Wednesday, March 02, 2005

Prayer and Parable

I had an interesting conversation this afternoon with a vicar visiting Sheffield from Kings Lynn, on prayer and disciplined patterns of prayer. He's been thinking about such things since he visited the Millennium Dome in 2000, and observed how many people visiting the Spirituality Zone were attracted to Eastern religions, specifically because of their sense of discipline in meditation and/or prayer. I lamented the fact that few of the visitors would be aware of the similar prayer disciplines within the Christian tradition, because those traditions were among the many good babies thrown out with the dirty dishwater by successive Protestant reformations as the church first shaped, and then was shaped by, the Modern era of history (shaped both in colluding with and in opposing the spirit of the age). So now we have generations growing up in the West who inherently know there is something good in a disciplined rhythm of prayer, but are disconnected from Christian models - and who rightly recognise that a Christianity devoid of such things doesn't have much spiritual weight to it - and so look elsewhere...
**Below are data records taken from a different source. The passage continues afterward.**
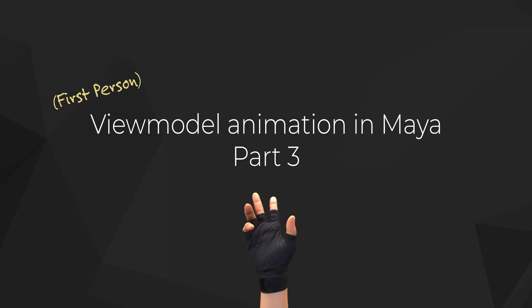Hey, welcome to part 3 of the view model tutorial series for Maya. I'm going to do an overview of the reload animation process, but first let's cover a couple issues that you might have run into in the previous videos.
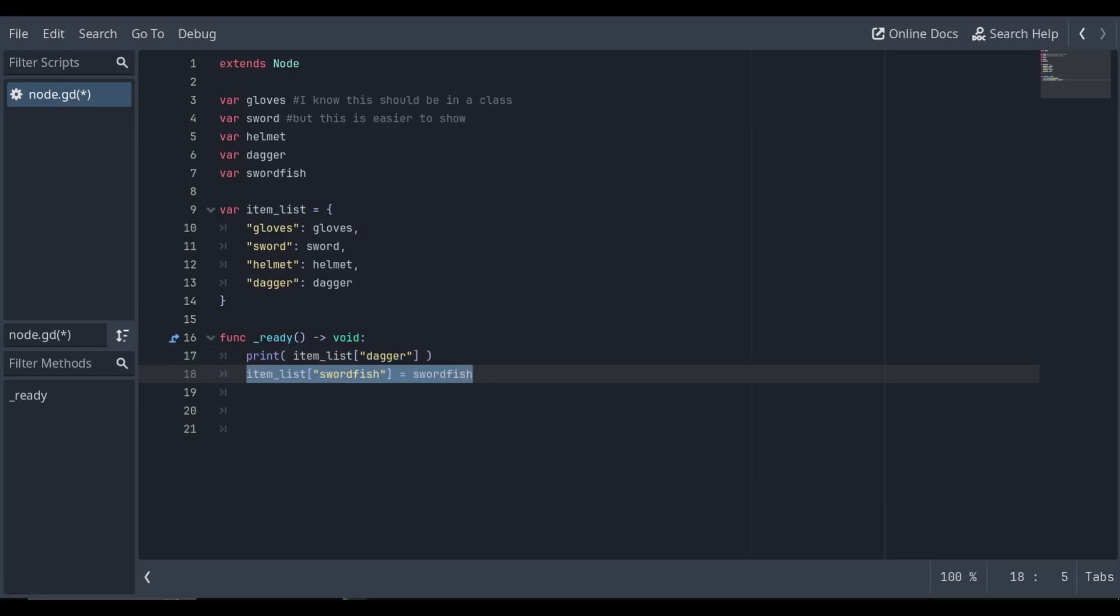We can also extend our dictionary by using the same method, but assigning the value we want to it with the key we want.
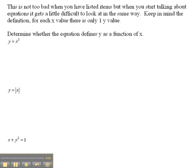Now we've looked at what makes a function when dealing with a picture representation, and we've also looked at it with points. We need to keep in mind that we're not going to be working with just those in college algebra — we're going to be working with equations. So we need to look at an equation and determine whether it is actually a function or not, keeping the basics in mind: what applies to points also applies to equations and graphs because they're just a collection of points.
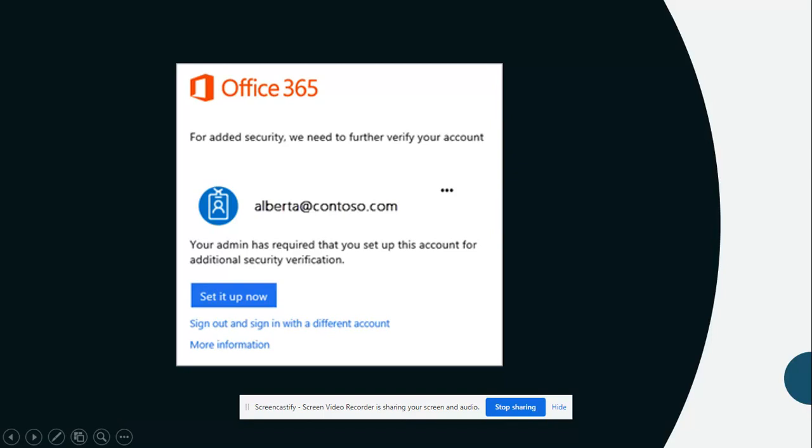The first time you sign in, you need to add your cell number so that a verification code may be sent to you by text message. Enter the code to continue the sign in process.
On a similar vein, I'm off to Sweden next week, and one of the things I love about the Lutheran church there is its rich sense of sacrament, symbol, icon, ritual...the things of the church that evangelicals in the UK have tended to discard as (at best) anachronistic - which I guess they are to my parents' generation, but they aren't to mine. The emerging Post-modern cultures inherently operate at these levels, rather than at the 'logical' levels so valued by their elders. And the symbolism of the church is both a potential door, and potentially creates a habitable space beyond that door, for young adults that I find really exciting.

A re-discovered rhythm of prayer throughout the day, and re-discovered sense of rite and ritual, sacrament and symbol, are essential if we are to engage with our nation today and tomorrow.